犯人が逃走に使った車に関しても捜査は進められ、似たような車を持っている人間全てを捜査の対象とした。その数は青森県全域で27000台にものぼったが、これらを一件一件当たって確実に捜査網をせばめていった。


似顔絵が公開され、車もほぼ特定されると、小林はいずれうちにも聞き込みが来るのではないかと思うようになってきた。

警察が来た時のために、小林は事前に妻に言っておいた。
「武富士の犯人はうちと同じ車に乗っていたらしい。俺は犯人じゃないが、疑われると面倒だからよ。警察が来て事件の日のこと聞かれたら、お前がパートに乗って行ってたことにしろよ。」

「そうねえ。面倒なのも嫌だし、その方がいいわね。」何も知らない妻はすぐに同意した。

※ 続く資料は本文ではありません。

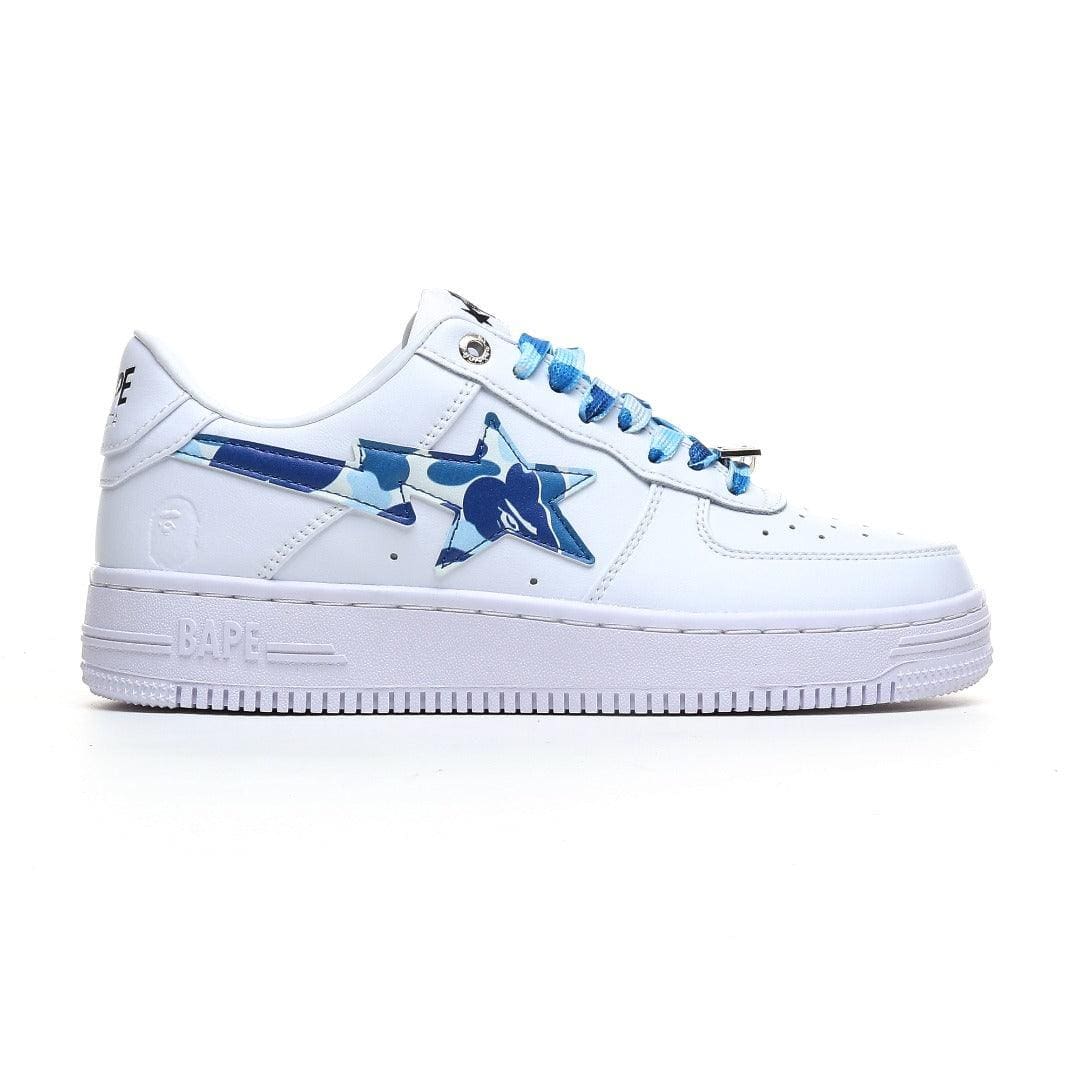 A Bathing Ape Bape Sta Low Camo White Blue Sneakers | Banlieue91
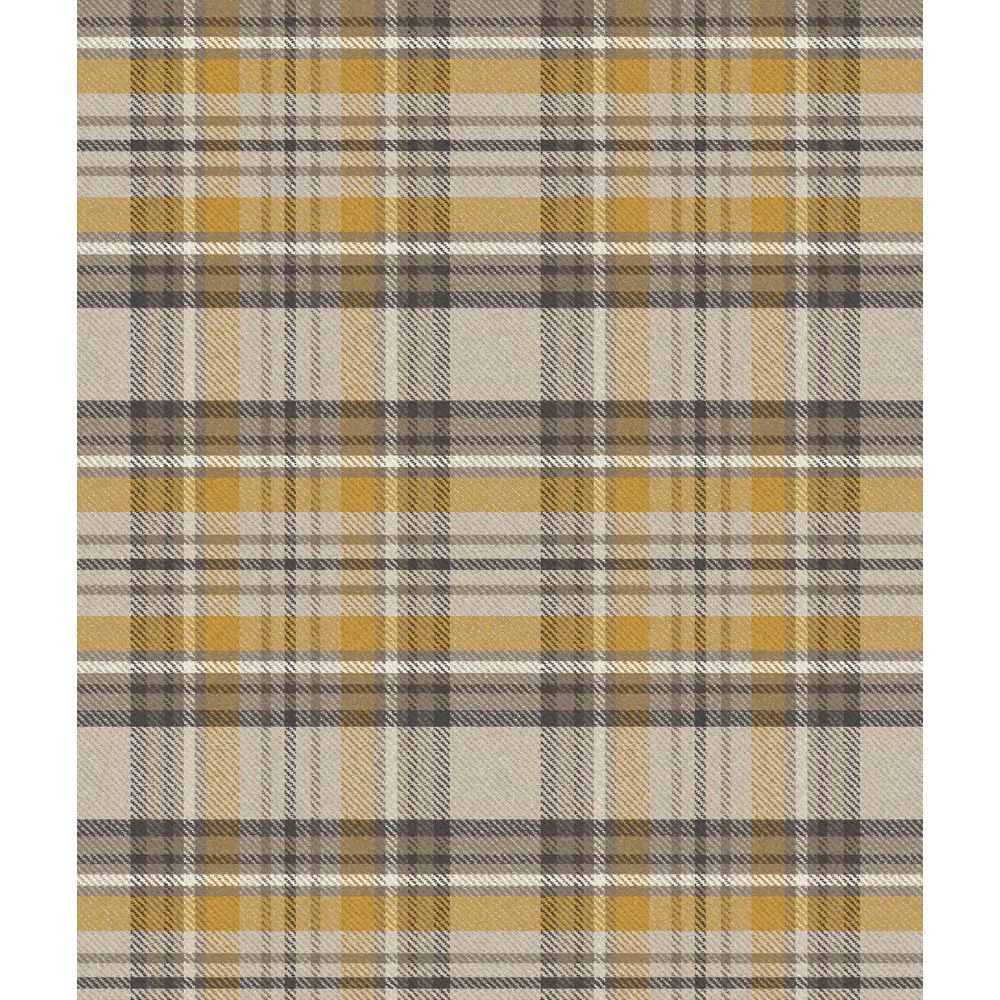 Mulberry YELLOW BROWN CHECK POLYESTER Sofa Febric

後に本当に弘前署の署員が聞き込みに小林の自宅を訪れた時にも、妻はこの通りに証言してやり過ごしている。

また、捜査をかく乱させるために小林は、下のように書いた手紙を青森テレビの建物の前に置くという小細工も行っている。
「犯行に車は使っていない。ガソリンは購入していない。私は40代ではない。」

あまりにも汚い字で幼稚な内容であり、捜査の混乱を狙ったものであるということは明らかで、警察側も本気にはしなかった。

一方、似顔絵の方からは「似ている」という人物の情報が280件寄せられていた。こちらも一人一人捜査に当たっていった。

似顔絵に似ている人物、車、使われた新聞紙とその配布された地域など、徹底して捜査していった結果、ついに警察は小林へたどりついた。

似顔絵に極めてよく似ているという点はもちろんであるが、その他の条件が全て当てはまっている。小林の家に聞き込みに行った時には、事件当日、車は妻が乗って出た答えているが、身内の証言などは信用性が低い。

また、小林は、事件の前日と当日は会社を休んでおり、事件前日に市内でガソリンを購入していることも警察側は突きとめた。


平成14年(2002年)3月3日、警察は小林を重要参考人として任意で出頭させ、取り調べを行った。もちろん、小林は全面否定し、「俺はやっていない。」と言い切った。

しかし警察は、小林が青森テレビの前に置いた手紙を取り出し
「これは犯人からの手紙だが・・お前が書いたものだな。わざと筆跡を変えて汚い字で書いても鑑定すれば分かるんだよ。」
とつめ寄った。

さらに警察は家宅捜索により、小林の家から水色のつなぎの作業着を発見しており、証拠品としてこれを押収していたが、この作業着を取り出して小林の目の前に置いた。
「これはお前の家から発見されたものだが、犯人が着ていたというつなぎの作業着と同じ色のものだ。これを調べればガソリンやススが付着しているかどうかすぐに分かる。」

証拠を突きつけられた小林は、犯行を認めざるを得なかった。事件発生から10ヶ月目の逮捕だった。


平成15年2月12日青森地裁で行われた裁判では、小林は犯行自体は認めたものの「殺すつもりはなかった。従業員にしても、逃げようと思えば逃げられたはずだ。」と、殺意がなかったことを強調した。

しかしそのような主張は通らず
「犯行は思慮が浅く短絡的で勝手極まりなく、酌量(しゃくりょう)の余地は微塵(みじん)もない。」

として死刑が言い渡された。小林側はすぐに控訴したものの、高裁で控訴を棄却され、平成19年3月27日、最高裁でも棄却されて死刑が確定した。